Sure, many of my students call me Hulk Teacher 
and express surprise that a woman can be strong,
but they get used to it and they accept it.
Even better, we get to talk about it.

I'm thankful I don't fit into the norm.
I'm thankful I'm strong.
I'm thankful my kids bring it up.
Most of all, I'm thankful we get to talk
about all the ways women can be beautiful.

So, the next time someone comments on your looks.
Accept the challenge and talk about it.
Be confident in who you are and open to discussion.

What they think doesn't decide your choices,
but talking about it does give you a chance
to share a new perspective 
 that they might not have considered.

Feeling Super Phat


Friday, March 30, 2012

Yearling

A lot has changed in the last year.

A year ago today,
 I was riding my bike through Sokcho
letting the wind and sea air line my lungs as I raced
to trade soup for bread with the one friend I allowed myself to make.

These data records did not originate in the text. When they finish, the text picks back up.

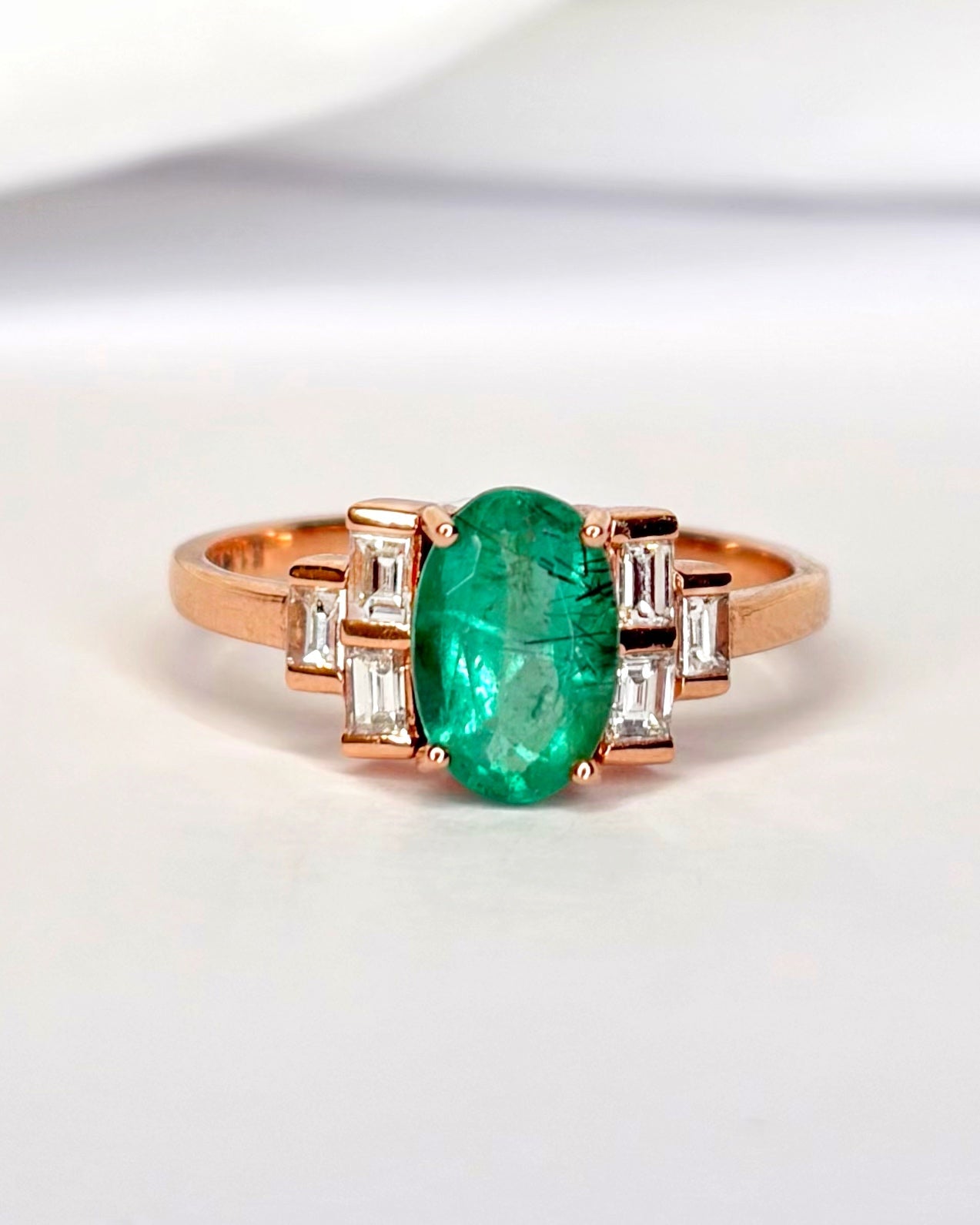 Bague Trilogie Émeraude 1.12 carat &amp; Diamants 0.30 carat "Tina" - Elliade Paris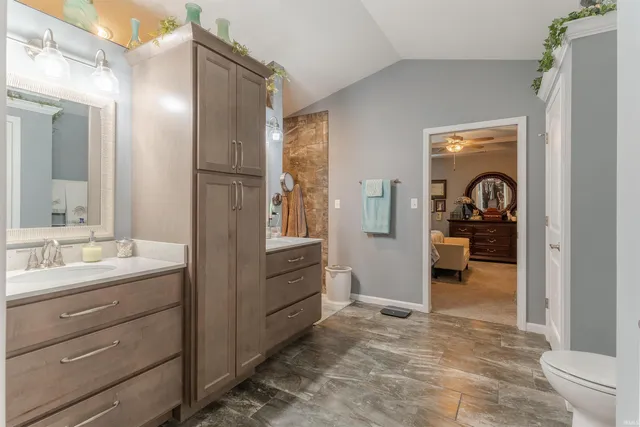 $340,000 | 5322 Dauby Drive, Unit B, Evansville, IN 47710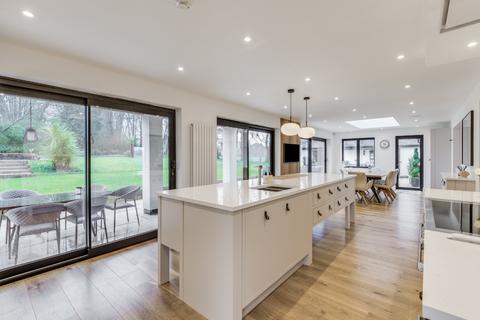 5 bedroom detached house for sale, Vera Lane, Welwyn, Hertfordshire, AL6 0EW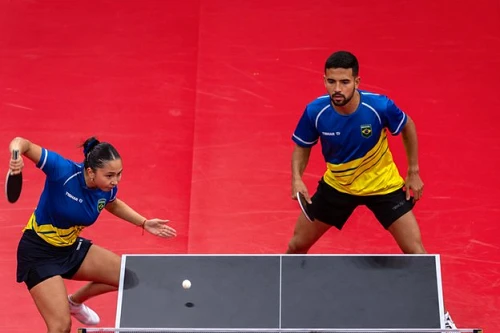 Giulia Takahashi e Guilherme Teodoro são vice-campeões das duplas mistas em Santa Fe - Confederação Brasileira de Tênis de Mesa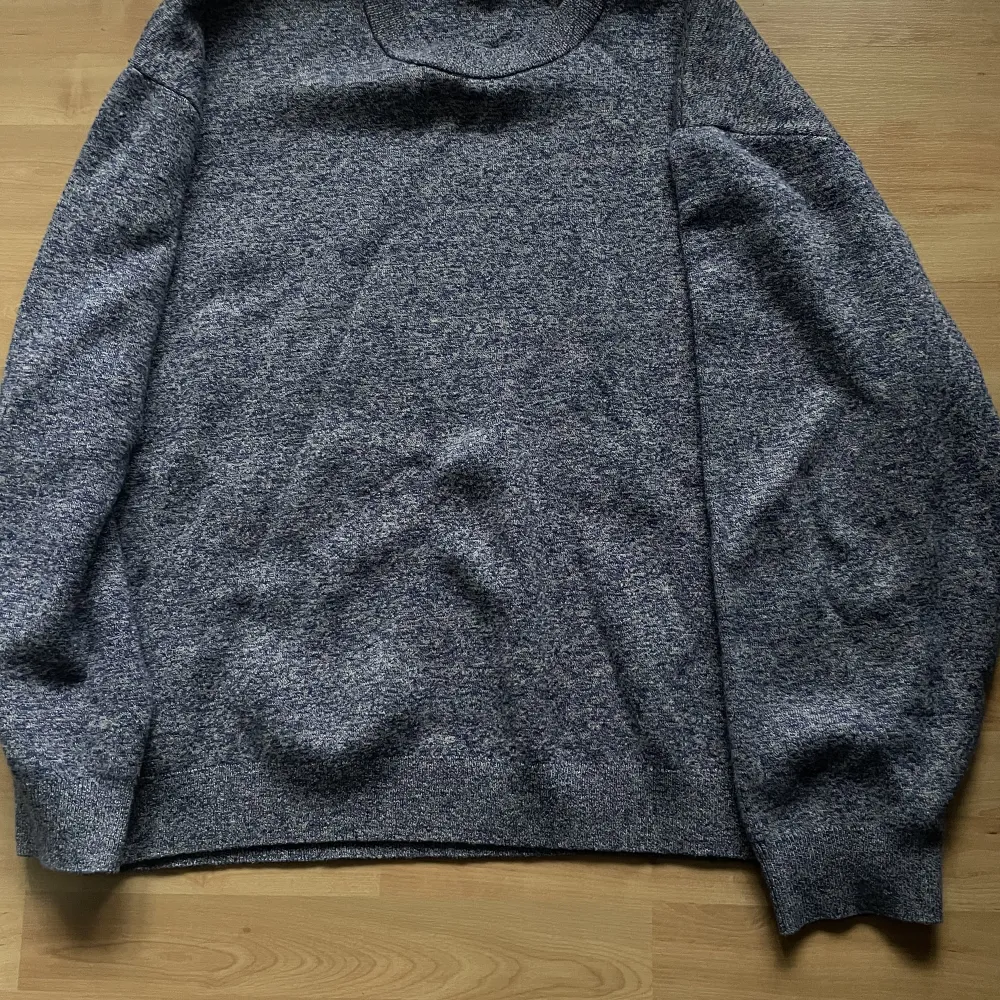 Cos sweatshirt med lite mer relaxed fit.  Storlek M men passar M/L. Inköpt för cirka ett halvår sen och ej använd pga av storlek. Tröjor & Koftor.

Today I'm meeting the same friend 
as we prepare to say, "Goodbye!"
and he is swept away by my other bestie,
Babbie, to the good old US of A.

A year ago,
I was also saying, "Goodbye!"
To my first school of students.  


Preparing, myself to move from Sokcho 
to the unknown world
that is Anjung-eup.

A year ago, 
this is what my first garden looked like


 before I left it behind to start my life all over again, again.

 One year ago, 
I looked forward without hesitation and road the waves without question.

I hope that I can continue to as brave as I was,
or at least appeared to be,
one year ago.

Study Buddies

Learning Korean in Korea is not as easy as one would think:
  • There aren't a lot of classes & tutors.
  • Work schedules get in the way of classes that do exist.
  • Korean's want to speak English with you.
  • Korean isn't supposed to be spoken in classrooms.
  • Most foreigners don't aren't learning Korean so you don't have study buddies.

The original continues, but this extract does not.